Local Store

The local store (LS) can be regarded as a software-controlled cache that is filled and emptied by DMA transfers.

Key features of the LS include:

Holds instructions and data
16-bytes-per-cycle load and store bandwidth, quadword aligned only
128-bytes-per-cycle DMA-transfer bandwidth
128-byte instruction prefetch per cycle

Competition might occur for access to the LS by:

loads,
stores,
DMA reads,
DMA writes,
instruction fetches.

The SPU arbitrates access to the LS according the following priorities (with the highest priority first):

DMA reads and writes by the PPE or an I/O device.
SPU loads and stores.
Instruction prefetch.

Table 1 summarizes the LS-arbitration priorities and transfer sizes. DMA reads and writes always have highest priority. Because hardware supports 128-bit DMA reads and writes, these operations occupy, at most, one of every eight cycles (one of sixteen for DMA reads, and one of sixteen for DMA writes) to the LS. Thus, except for highly optimized code, the impact of DMA reads and writes on LS availability for loads, stores, and instruction fetches can be ignored.

Table 1. LS-Access Arbitration Priority and Transfer Size
Transaction	Transfer Size (Bytes)	Priority	Maximum Local Store Occupancy (SPU Cycle)	Access Path
MMIO	≤ 16	1-Highest	1/8	Line Interface
DMA	≤ 128	1	1/8	Line Interface
DMA-List Transfer-Element Fetch	128	1	1/4	Quadword Interface
ECC Scrub	16	2	1/10
SPU Load/Store	16	3	1
Hint Fetch	128	3	1	Line Interface
Inline Fetch	128	4-Lowest	1/16 for inline code	Line Interface

After DMA reads and writes, the next-highest user-initiated priority is given to load and store instructions. The rationale for doing so is that load and store instructions usually help a program's progress, whereas instruction fetches are often speculative.

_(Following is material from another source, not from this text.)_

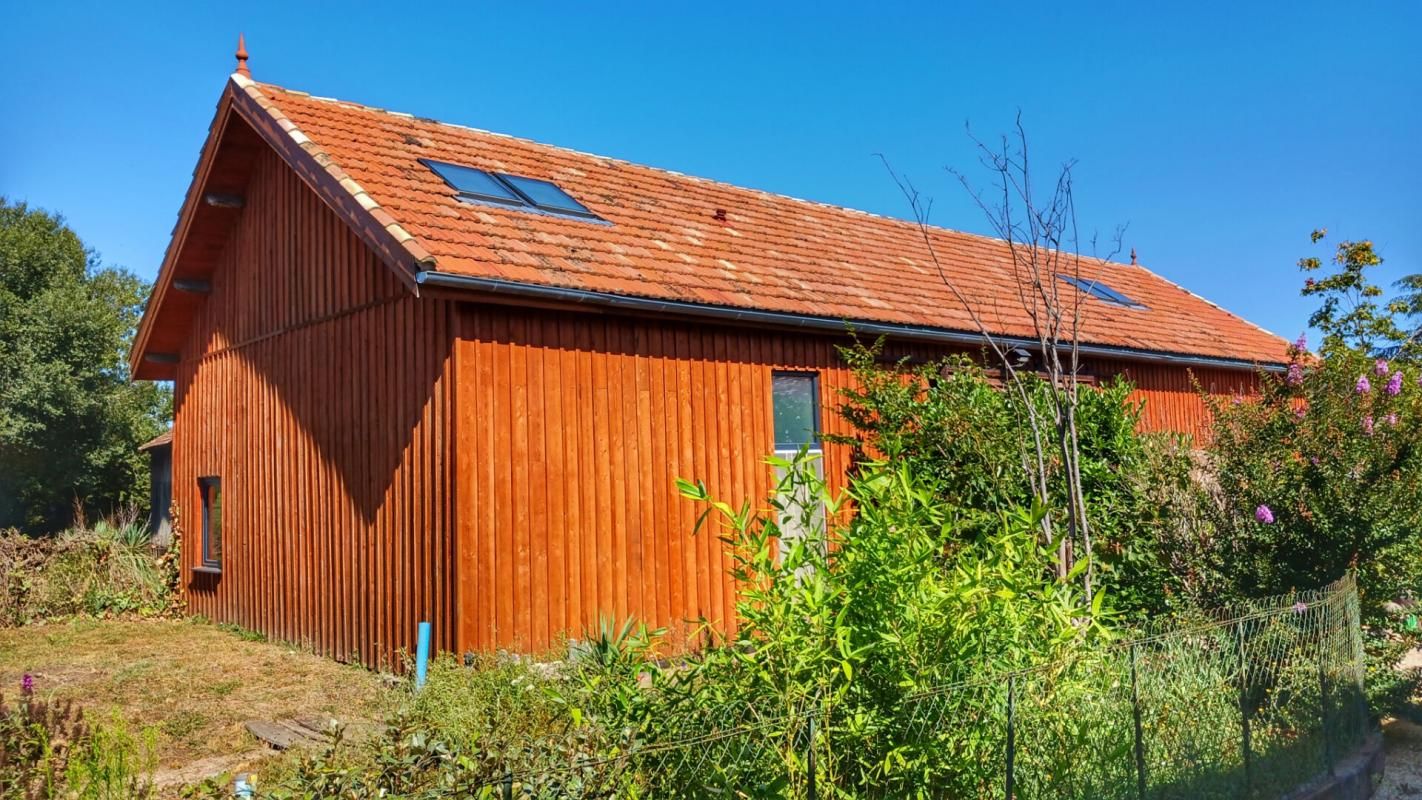 LALINDE Bel ensemble immobilier de 3 maisons de 286m2 au calme ! 2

The SPE supports only 16-byte load and store operations that are 16-byte-aligned. It uses a second instruction (byte shuffle) to place bytes in a different order if, for example, the program requires only a 4-byte quantity or a quantity with a different data alignment. To store something that is not aligned, use a read-modify-write operation.

The lowest priority for LS access is given to instruction fetches, of which there are three types: flush-initiated fetches, inline prefetches, and hint fetches. Instruction fetches load 32 instructions per SPU request by accessing all banks of the LS simultaneously. Because the LS is single-ported, it is important that DMA and instruction-fetch activity transfer as much useful data as possible in each LS request.